Dual-energy x-ray absorptiometry (DXA) — Experts agree that the most useful and reliable bone density test is a specialized kind of x-ray called dual-energy x-ray absorptiometry, or DXA. DXA provides precise measurements of bone density at important bone sites (such as the spine, hip, and forearm) with minimal radiation.
The most recommended DXA tests are of the hip and spine because measurements at these sites are effective for predicting osteoporotic fracture at any site, choosing candidates for therapy, and for monitoring response to therapy. If you are unable to lie on an examination table, it is impossible to measure the spine and hip bone density. Instead, you can sit beside the DXA machine for a scan of your wrist area. When the hip and spine cannot be measured, the diagnosis of osteoporosis can be made using a DXA measurement of the wrist.
Quantitative computerized tomography — This is a type of CT that provides accurate measures of bone density in the spine. Although this test may be an alternative to DXA, it is seldom used because it is expensive and requires a higher radiation dose.
Ultrasonography — Ultrasound can be used to measure the bone density of the heel. This may be useful to determine a person's fracture risk. However, it is used less frequently than DXA because there are no guidelines that use ultrasound measurements to diagnose osteoporosis or predict fracture risk. In areas that do not have access to DXA, ultrasound is an acceptable way to measure bone density.
DXA Test Procedure
Unlike a bone scan, bone densitometry testing does not involve the administration of radioactive contrast material into the bloodstream. The central bone density device is used in hospitals and medical offices, while the smaller peripheral device is available in some drugstores and in screening sites in the community. The DEXA scan involves a much smaller radiation exposure than a standard chest x-ray.
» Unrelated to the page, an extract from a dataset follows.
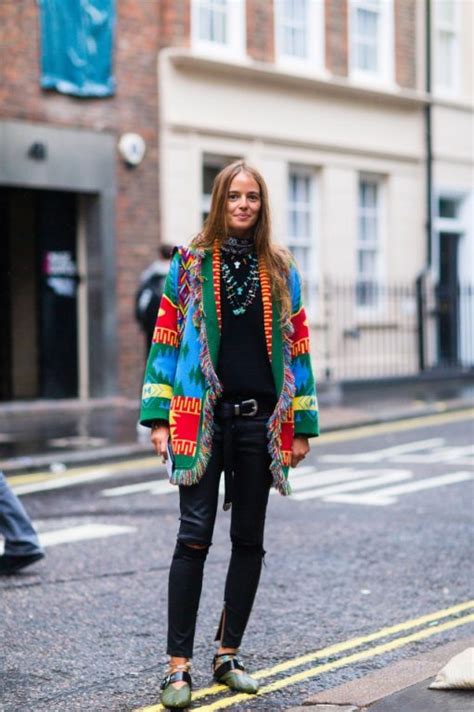 64 Inspiring Street Style Outfits From Outside The London Fashion Week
During DXA, you lie on an examination table. An x-ray detector scans a bone region, and the amount of x-rays that pass through bone are measured and displayed as an image that is interpreted by a radiologist or metabolic bone expert. The test causes no discomfort, involves no injections or special preparation, and usually takes only 5 to 10 minutes. The x-ray detector will detect any metal on your clothing (zippers, belt buckles), so you may be asked to wear a gown for the test.
The amount of radiation that's used is minimal, amounting to roughly the same radiation that an average person gets from the environment in one day. After the test is completed and the doctor interprets the results, you will be given a score that speaks to the condition of the bones.
DXA Test Results
The results of a bone density test are expressed either as a "T" or a "Z" score. T-scores represent numbers that compare the condition of your bones with those of an average young person with healthy bones. Z scores instead represent numbers that compare the condition of your bones with those of an average person your age. Of these two numbers, the T-score is usually the most important. T-scores are usually in the negative or minus range. The lower the bone density T-score, the greater the risk of fracture is.
Normal bone density — People with normal bone density have a T-score between +1 and -1. People who have a score in this range do not typically need treatment, but it is useful for them to take steps to prevent bone loss, such as having adequate amounts of calcium and vitamin D and doing weight-bearing exercise.
Low bone mass (osteopenia) — Low bone mass (osteopenia) is the term healthcare providers use to describe bone density that is lower than normal but that has not yet reached the low levels seen with osteoporosis.
A person with osteopenia does not yet have osteoporosis, but is at risk of developing it. People with osteopenia have a T-score between -1.1 and -2.4.
Osteoporosis — People with osteoporosis have a T-score of -2.5 or less. Larger numbers (e.g., -3.2) indicate lower bone density because this is a negative number.